This is the mail archive of the
gcc-patches@gcc.gnu.org
mailing list for the GCC project.
Re: [PATCH] x86: Define _mm*_undefined_*
- From: Richard Biener <richard dot guenther at gmail dot com>
- To: Ulrich Drepper <drepper at gmail dot com>
- Cc: Ilya Tocar <tocarip dot intel at gmail dot com>, GCC Patches <gcc-patches at gcc dot gnu dot org>
- Date: Tue, 18 Mar 2014 16:09:09 +0100
- Subject: Re: [PATCH] x86: Define _mm*_undefined_*
- Authentication-results: sourceware.org; auth=none
- References: <87bnx6z9at dot fsf at x240 dot local dot i-did-not-set--mail-host-address--so-tickle-me> <20140317113921 dot GA71172 at msticlxl7 dot ims dot intel dot com> <CAOPLpQebBsPYU_eRLmkVtFJixGg8Kx33sMyZg9n_X8MKJNfV_A at mail dot gmail dot com> <20140318093428 dot GB71172 at msticlxl7 dot ims dot intel dot com> <CAFiYyc1NTh-CV8f1e=9xJBhDx3esZEBtPHWHRiJnAyUWzzhS0Q at mail dot gmail dot com> <CAOPLpQc+Zc=A483teheyXLV2y7O=OEGHwwQCUb4nwwT9Dt2f=g at mail dot gmail dot com>
On Tue, Mar 18, 2014 at 4:03 PM, Ulrich Drepper <drepper@gmail.com> wrote:
> On Tue, Mar 18, 2014 at 7:13 AM, Richard Biener
> <richard.guenther@gmail.com> wrote:
>> extern __inline __m512
>> __attribute__ ((__gnu_inline__, __always_inline__, __artificial__))

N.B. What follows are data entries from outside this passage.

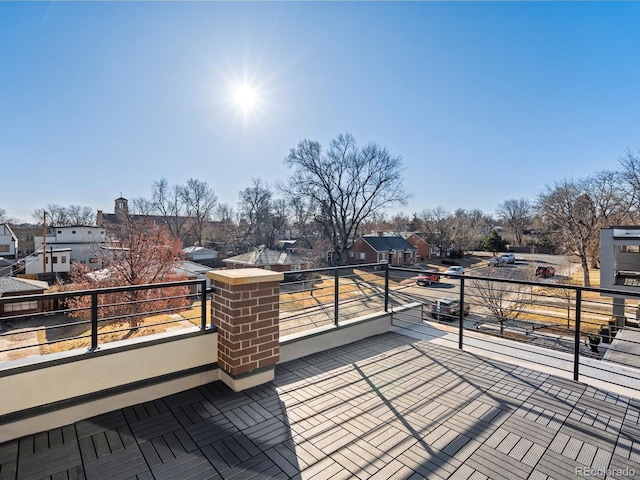 wooden terrace featuring a residential view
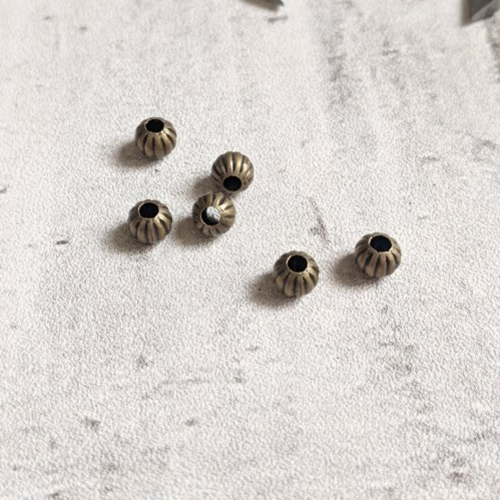 Perles rondes intercalaires métal bronze 6mm x5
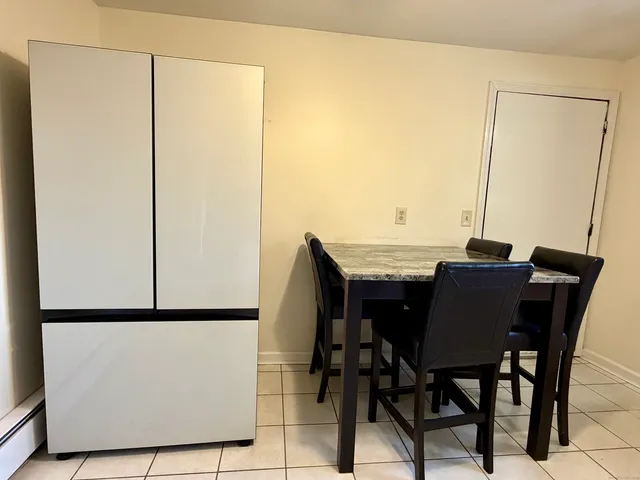 a view of a dining table and chairs in the kitchen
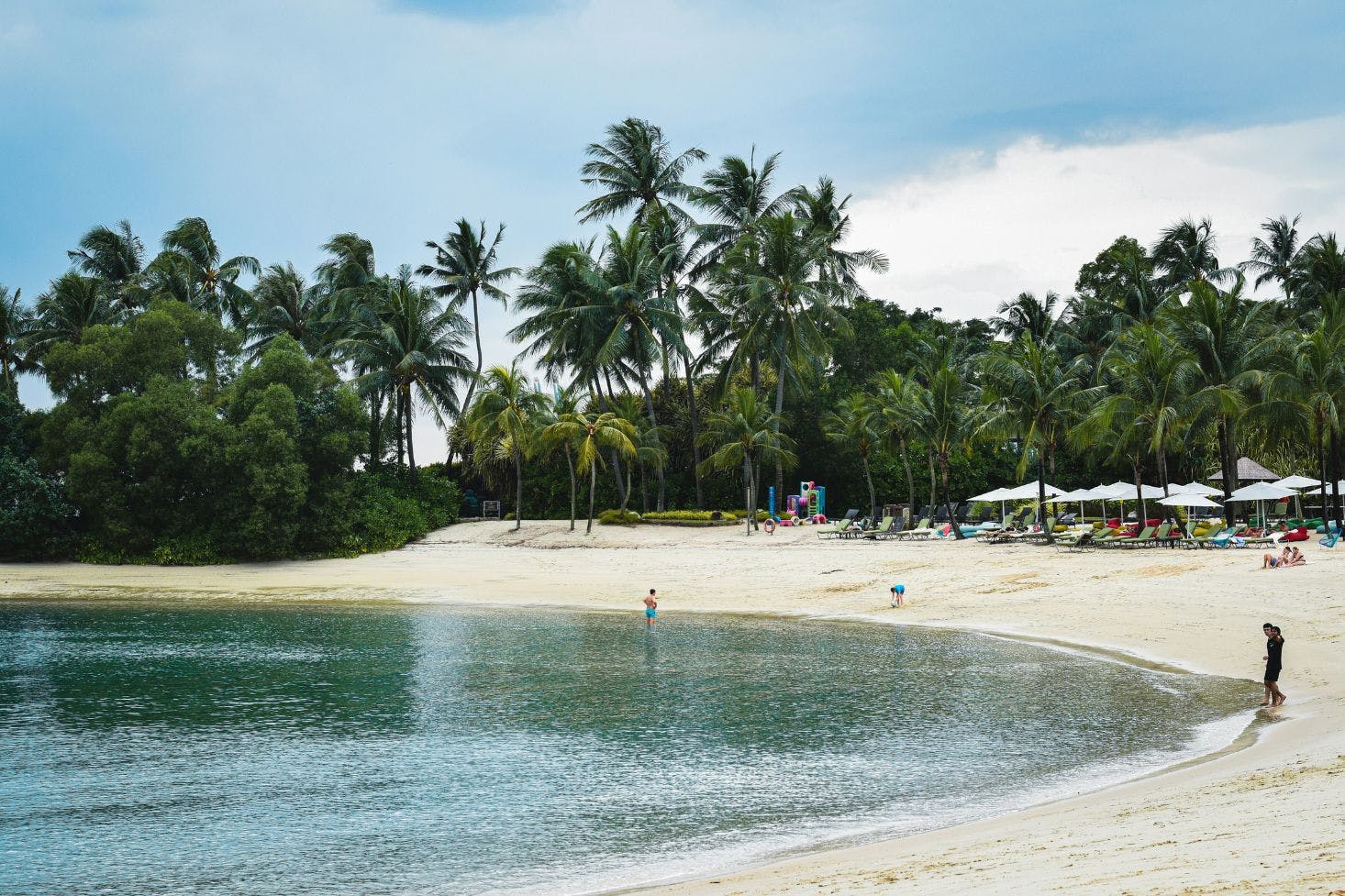 Sandy cove at Siloso Beach, Singapore with people, umbrellas, and beach beds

>> _mm512_undefined_ps (void)
>> {
>> __m512 __Y = __Y;
>> return __Y;
>> }
>
>
> This provokes no warnings (as you wrote) and it doesn't clobber flags,
> but it doesn't avoid loading. The code below creates a pxor for the
> parameter. That's what I think compiler support should help to get
> rid of. If the compiler has some magic to recognize -1 masks then
> this will help in some situations but it seems to be a specific
> implementation for the intrinsics while I've been looking at generic
> solution.
>
>
> typedef double __m128d __attribute__ ((__vector_size__ (16), __may_alias__));
>
> void g(__m128d);
>
> extern __inline __m128d
> __attribute__((__gnu_inline__, __always_inline__, __artificial__, const))

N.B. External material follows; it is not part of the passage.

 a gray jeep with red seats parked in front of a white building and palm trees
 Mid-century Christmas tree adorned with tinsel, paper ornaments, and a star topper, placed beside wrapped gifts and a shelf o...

> _mm_undefined_pd(void) {
> __m128d v = v;
> return v;
> }
>
> void
> f()
> {
> g(_mm_undefined_pd());
> }
The load from zero is caused by the init-regs pass. To quote:
/* Check all of the uses of pseudo variables. If any use that is MUST
uninitialized, add a store of 0 immediately before it. For
subregs, this makes combine happy. For full word regs, this makes
other optimizations, like the register allocator and the reg-stack
happy as well as papers over some problems on the arm and other
processors where certain isa constraints cannot be handled by gcc.
These are of the form where two operands to an insn my not be the
same. The ra will only make them the same if they do not
interfere, and this can only happen if one is not initialized.

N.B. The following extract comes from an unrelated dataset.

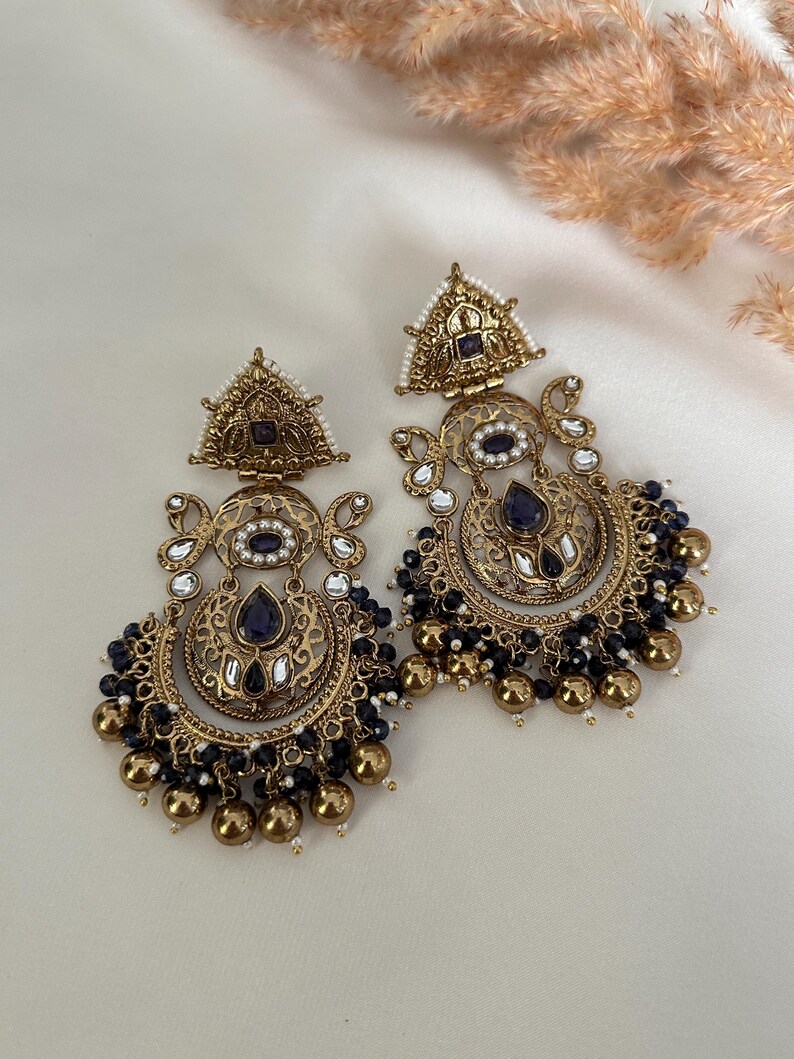 May include: A pair of gold-tone earrings with intricate designs, featuring blue and white stones, and black beads dangling from the bottom.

There is also the unfortunate consequence that this may mask some
buggy programs where people forget to initialize stack variable.
Any programmer with half a brain would look at the uninitialized
variable warnings. */
You can disable it with -fdisable-rtl-init-regs. Not sure if the above
comment today is just overly cautious ... maybe we should have a
target hook that controls its execution.
Richard.